Constantine's Sword: The Church and the Jews: A History
- Author: James Carroll
- Language: English
- Genre: Non-fiction
- Published: 2001
- Publisher: Mariner Books (Houghton Mifflin)
- Publication place: United States
- Pages: xii + 756
- ISBN: 0395779278
- OCLC: 44727744
- LC Class: BM535 .C37 2001

= Constantine's Sword =

2001 history book by James Carroll

Constantine's Sword: The Church and the Jews: A History (2001) is a book by James Carroll, a former priest, which documents the role of the Roman Catholic Church in the long European history of religious antisemitism as a precursor to racial antisemitism.
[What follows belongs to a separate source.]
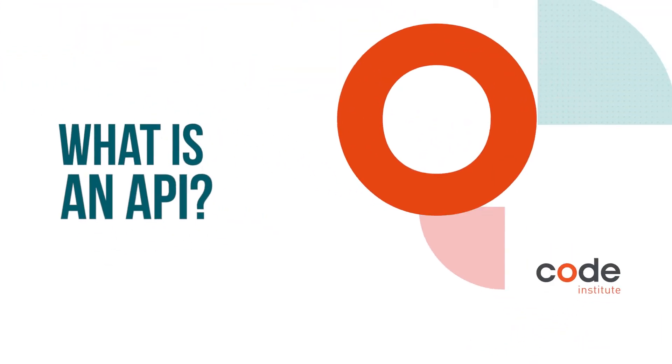Hi, my name is Stefan. I'm one of the developers here at Code Institute and this is our video on APIs. But before we start, please like, follow, subscribe and share.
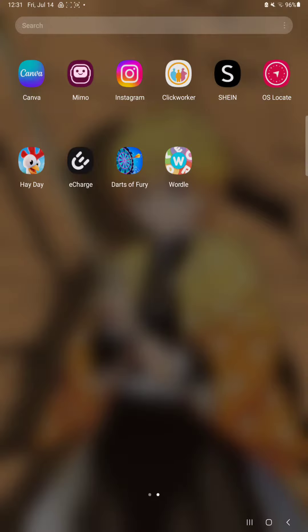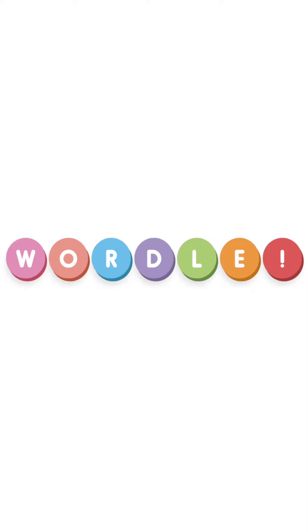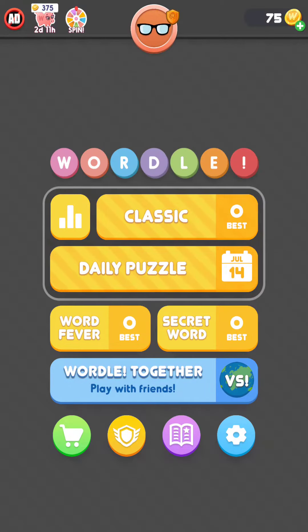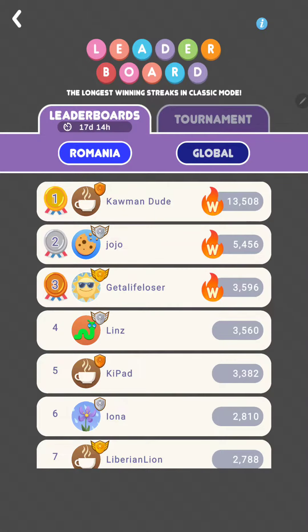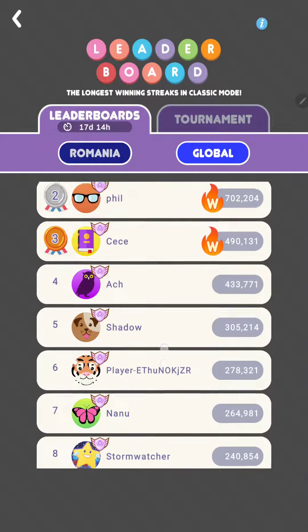So let's jump into it. First of all, open the application on your device. Click the second icon at the bottom of the screen. And here you can check your country leaderboard or the global leaderboard.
The primary source of anti-Jewish violence is the perennial obsession with converting the Jews to Christianity; an event which some theologians believed would usher in the Second Coming.

==Description==
Carroll disclaims the notion that Christian anti-Judaism leads inevitably to the Holocaust committed by Nazi Germany, but he argues that Church's long history of "Jew-hatred" laid the foundation for Hitler's crimes. Carroll also points out the many "turning points," as he labels them, where the Church's attitudes and actions toward Jews could have been shifted. Just one example cited in the book is that of Pierre Abelard (1079–1142), the French theologian and philosopher, whose teachings, had they been accepted, would have radically changed the direction and cast of Christian dogma.

The book also analyzes, in detail, the actions of numerous popes and other prominent figures of Catholic Church history, especially those who advocated anti-Jewish policies and those who tried to rein in official antisemitism, including St. Augustine, Bernard of Clairvaux, Nicholas of Cusa, Innocent III, Paul IV, Pius IX, Pius XII, John XXIII, and John Paul II.

The book's title refers to Constantine's transformation of the cross, which Carroll claims, was not a symbol used by Christians in the first three centuries of the Church's existence, into a symbolic sword infusing a spirit of violent intolerance into the development of Christianity.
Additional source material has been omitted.